Exercise requirements: Exact reproduction is required for all entries.

Supplied material:
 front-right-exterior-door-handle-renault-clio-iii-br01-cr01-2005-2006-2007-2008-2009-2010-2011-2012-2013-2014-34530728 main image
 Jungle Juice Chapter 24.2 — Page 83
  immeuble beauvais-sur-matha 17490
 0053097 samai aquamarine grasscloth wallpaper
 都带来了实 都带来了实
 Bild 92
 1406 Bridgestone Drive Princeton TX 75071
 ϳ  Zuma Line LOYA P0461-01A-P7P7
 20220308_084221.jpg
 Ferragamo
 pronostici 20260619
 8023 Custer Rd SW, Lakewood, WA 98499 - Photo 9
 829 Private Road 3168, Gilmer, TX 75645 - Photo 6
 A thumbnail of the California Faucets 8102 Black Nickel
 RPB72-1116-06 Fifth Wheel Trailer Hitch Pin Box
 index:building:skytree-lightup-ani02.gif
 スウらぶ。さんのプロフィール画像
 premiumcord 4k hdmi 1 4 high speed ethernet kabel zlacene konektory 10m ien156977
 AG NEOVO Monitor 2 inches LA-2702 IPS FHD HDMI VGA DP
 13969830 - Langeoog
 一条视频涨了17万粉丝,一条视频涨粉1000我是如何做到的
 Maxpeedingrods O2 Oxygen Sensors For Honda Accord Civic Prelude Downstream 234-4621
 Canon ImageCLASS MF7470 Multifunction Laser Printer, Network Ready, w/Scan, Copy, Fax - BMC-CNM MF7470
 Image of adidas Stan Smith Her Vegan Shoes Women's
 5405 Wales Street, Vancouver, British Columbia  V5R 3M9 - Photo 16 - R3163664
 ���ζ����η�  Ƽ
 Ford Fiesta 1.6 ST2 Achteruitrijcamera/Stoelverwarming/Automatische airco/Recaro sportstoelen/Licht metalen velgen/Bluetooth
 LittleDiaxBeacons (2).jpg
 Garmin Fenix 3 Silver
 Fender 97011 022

Response area:
 front-right-exterior-door-handle-renault-clio-iii-br01-cr01-2005-2006-2007-2008-2009-2010-2011-2012-2013-2014-34530728 main image
 Jungle Juice Chapter 24.2 — Page 83
  immeuble beauvais-sur-matha 17490
 0053097 samai aquamarine grasscloth wallpaper
 都带来了实 都带来了实
 Bild 92
 1406 Bridgestone Drive Princeton TX 75071
 ϳ  Zuma Line LOYA P0461-01A-P7P7
 20220308_084221.jpg
 Ferragamo
 pronostici 20260619
 8023 Custer Rd SW, Lakewood, WA 98499 - Photo 9
 829 Private Road 3168, Gilmer, TX 75645 - Photo 6
 A thumbnail of the California Faucets 8102 Black Nickel
 RPB72-1116-06 Fifth Wheel Trailer Hitch Pin Box
 index:building:skytree-lightup-ani02.gif
 スウらぶ。さんのプロフィール画像
 premiumcord 4k hdmi 1 4 high speed ethernet kabel zlacene konektory 10m ien156977
 AG NEOVO Monitor 2 inches LA-2702 IPS FHD HDMI VGA DP
 13969830 - Langeoog
 一条视频涨了17万粉丝,一条视频涨粉1000我是如何做到的
 Maxpeedingrods O2 Oxygen Sensors For Honda Accord Civic Prelude Downstream 234-4621
 Canon ImageCLASS MF7470 Multifunction Laser Printer, Network Ready, w/Scan, Copy, Fax - BMC-CNM MF7470
 Image of adidas Stan Smith Her Vegan Shoes Women's
 5405 Wales Street, Vancouver, British Columbia  V5R 3M9 - Photo 16 - R3163664
 ���ζ����η�  Ƽ
 Ford Fiesta 1.6 ST2 Achteruitrijcamera/Stoelverwarming/Automatische airco/Recaro sportstoelen/Licht metalen velgen/Bluetooth
 LittleDiaxBeacons (2).jpg
 Garmin Fenix 3 Silver
 Fender 97011 022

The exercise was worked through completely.